Também foi feita a acusação de que se podiam evitar certas despesas.
Também posso perfeitamente repelir essa acusação, porquanto os maiores desgostos que tenho sofrido na minha vida política têm sido por não ter consentido nesta pasta que se gastem dinheiros que acho absolutamente dispensáveis.
E a êste respeito a Câmara conhece o que se tem passado com as reclamações do funcionalismo, em que há um grande fundo de justiça, porquanto a situação de muitos dos servidores do Estado é angustiosa.
Entendo que o Ministro das Finanças deve opor uma tenaz resistência a todos os aumentos de despesas.
Não deve nunca esquecer o célebre conceito de Thiersque dizia que o Ministro das Finanças deve defender os dinheiros do Estado até à ferocidade.
Parece-me que tenho desempenhado êste papel e continuarei a desempenhar e, quando me sentir sem energia para o desempenhar, abandonarei êste lugar.
Julgo ter respondido de uma maneira geral às considerações oue foram feitas pelos diferentes oradores.
E com respeito ao que disse o Sr. Morais de Carvalho, acerca da dívida pública, quando se tratar da especialidade terei ocasião de me referir a êsse ponto.
Sôbre a parte relativa ao Ministério da Guerra, creio que o ilustre titular dessa pasta já respondeu às considerações que aqui foram feitas.
Falou ainda sôbre o Orçamento o Sr. Paulo Cancela de Abreu que não fez mais do que reeditar a argumentação de que se serviram os seus colegas da minoria monárquica, aos quais já tive ocasião de responder.
S. Ex.ª levantou dúvidas sôbre os números da dívida pública que foram apresentados.
Efectivamente, da leitura do relatório pode depreender-se que houve um aumento da dívida pública.
Daí a razão que assiste a S. Ex.ª quando quere chegar à conclusão de que o Estado gastou mais algumas centenas de milhares de contos além daqueles que constam das contas apresentadas.
A medida que o câmbio vai piorando, vai aumentando o valor representativo da dívida:
E dêsse facto que resulta a diferença extraordinária por S. Ex.ª apontada; quere dizer: essa diferença reside apenas na actualização da nossa dívida ouro...
O Sr.

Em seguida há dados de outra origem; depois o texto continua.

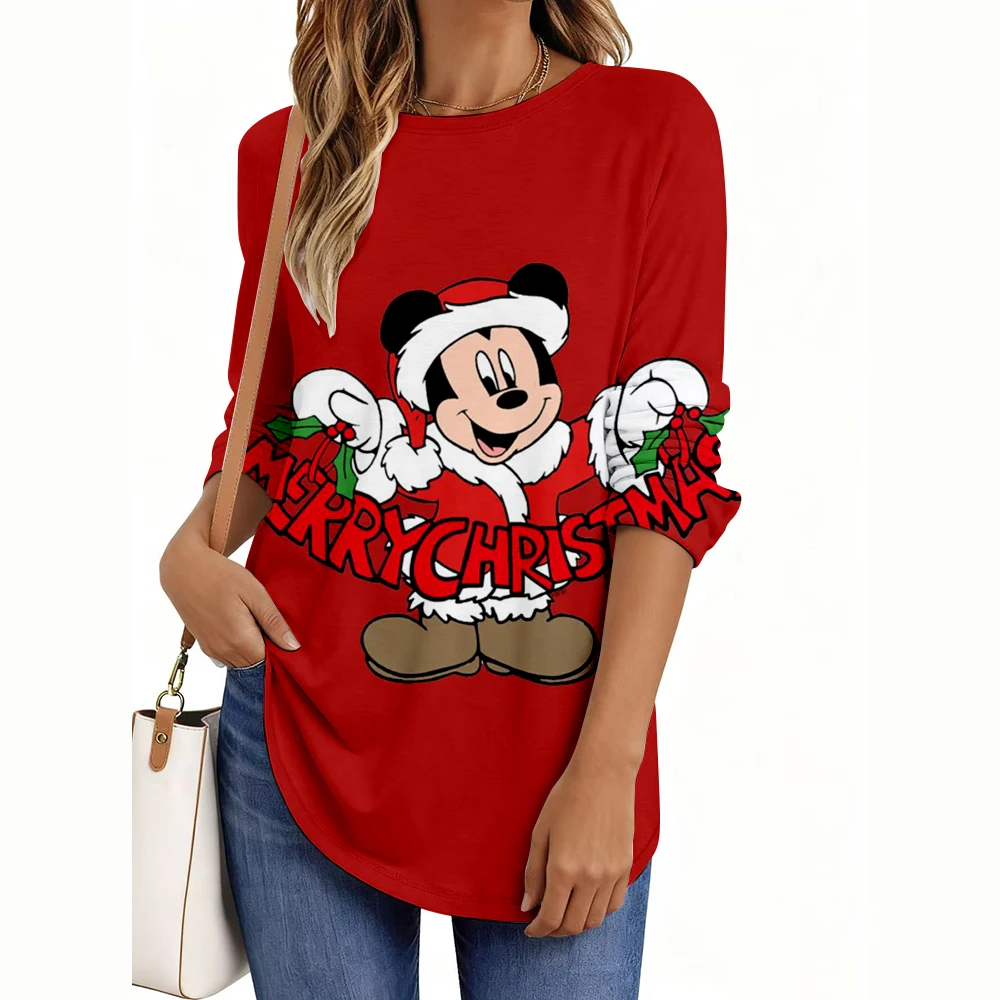 Mode Disney série de noël imprime femmes à manches longues T-Shirt décontracté Polyester respirant femmes vêtements vêtements hauts t-shirts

Morais Carvalho: — Desejava que V. Ex.ª atendesse à forma por que vem discriminada no Orçamento a dívida pública em ouro e em escudos.
V. Ex.ª sabe melhor do que eu que no Brasil, onde a diferença é muito grande, há dois orçamentos: um em réis e outro em escudos.
Eu já não queria que cá houvesse dois orçamentos, mas que se fizesse essa diferença.
O Orador: — Já tive ocasião de reconhecer isso, e como sempre costumo falar com toda a lealdade, vejo a necessidade de discriminar essas verbas por outra forma para que no espírito de qualquer pessoa não se forme a dúvida que se forma no espírito do V. Ex.ª
No fim, se V. Ex.ª se dêsse ao trabalho, encontraria os elementos precisos para o elucidar.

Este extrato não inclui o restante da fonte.